Start of Block
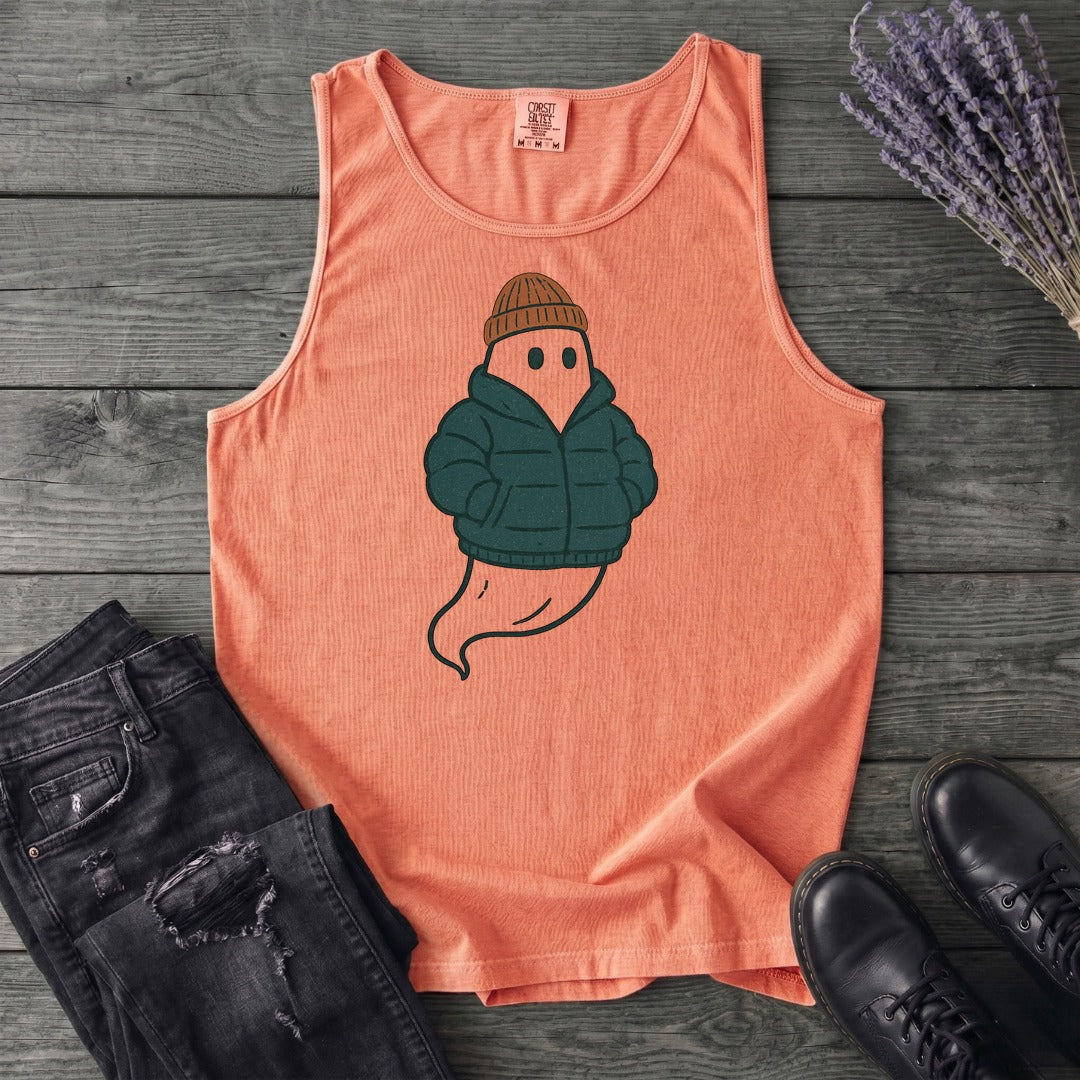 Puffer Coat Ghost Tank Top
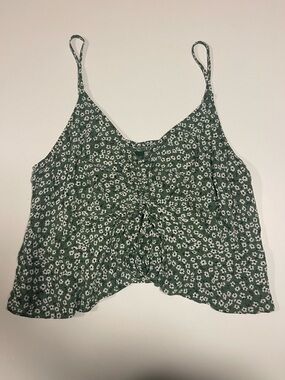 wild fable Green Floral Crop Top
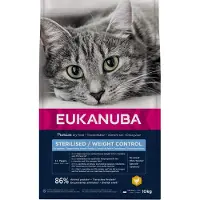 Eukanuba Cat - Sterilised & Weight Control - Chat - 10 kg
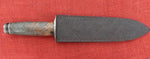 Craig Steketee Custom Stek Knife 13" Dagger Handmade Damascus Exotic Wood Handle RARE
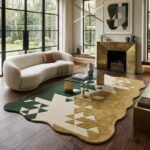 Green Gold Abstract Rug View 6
End of Block
> **WHAT YOU SHOULD DO**: Starting at the line that contains "Eukanuba Cat - Sterilised", reproduce exactly and only the lines through the end of the entries above, with the pictures excluded.

> **YOUR RESPONSE**:
 Eukanuba Cat - Sterilised & Weight Control - Chat - 10 kg
 Craig Steketee Custom Stek Knife 13" Dagger Handmade Damascus Exotic Wood Handle RARE
 Green Gold Abstract Rug View 6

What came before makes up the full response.